EKBIS.CO, JAKARTA---Bank Indonesia mengklaim aturan penggunaan chip pada Alat Pembayaran Menggunakan Kartu (APMK) telah menurunkan penipuan (fraud) hingga 30 persen. Seluruh penerbit kartu kredit diwajibkan menggunakan chip sejak 2010. “Kalau pencegahan fraud, sudah ada aturan chip. Setelah aturan itu, fraudnya turun 30 persen, “ ujar Deputi Gubernur Bank Indonesia, Ronald Waas, di sela seminar Pencegahan dan Penanganan Kejahatan pada Layanan Perbankan Elektronik, di Jakarta, Kamis (5/7).
Jumlah kasus penipuan APMK berdasarkan catatan bank sentral pada Mei 2012 mencapai 1.009 kasus.
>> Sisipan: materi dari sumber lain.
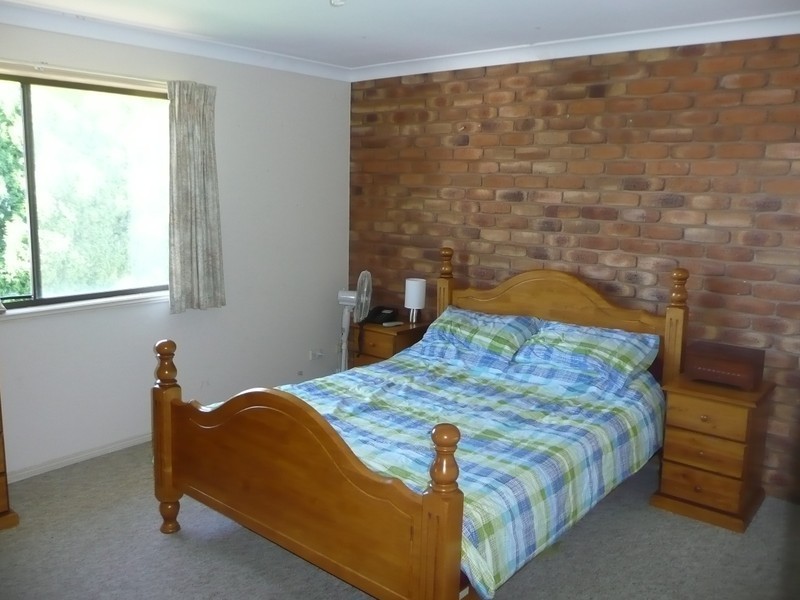1/32 Phillip Street, Toowoomba City QLD 4350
Nilai kerugian dari kasus penipuan tersebut mencapai Rp 2,37 miliar. Jenis penipuan yang paling banyak terjadi pada pencurian identitas dan card not present (penipuan tanpa kartu) dengan masing-masing sebanyak 402 kasus dan 258 kasus. Kedua kasus tersebut menyebabkan kerugian masing-masing senilai Rp 1,14 miliar dan Rp 545 juta.
Dengan jumlah kasus penipuan tersebut, peringkat fraud Indonesia berdasarkan data Mastercard berada di posisi kedua terendah di Asia Pasifik. Sedangkan, berdasarkan data Visa, peringkat fraud Indonesia berada di posisi ketiga terendah di Asia Tenggara, di bawah Singapura dan Malaysia.
Ronald mengungkapkan ada lima titik rawan dalam keamanan dan kasus kejahatan terkait layanan perbankan elektronik. Lima titik rawan yang dikaji Indonesia Security Incident Response Team on Internet Infrastructure (ID-SIRTII) tersebut antara lain terkait dengan kerawanan prosedur perbankan. Hal itu menyangkut lemahnya proses identifikasi dan validasi calon nasabah sehingga identitas mudah dipalsu.
Fisik kartu juga menjadi titik rawan dalam keamanan APMK. Kartu ATM yang digunakan bank saat ini merupakan jenis magnetic stripe card yang tidak dilengkapi pengaman chip. Dengan begitu, skimming Private Identity Number (PIN) mudah dilakukan.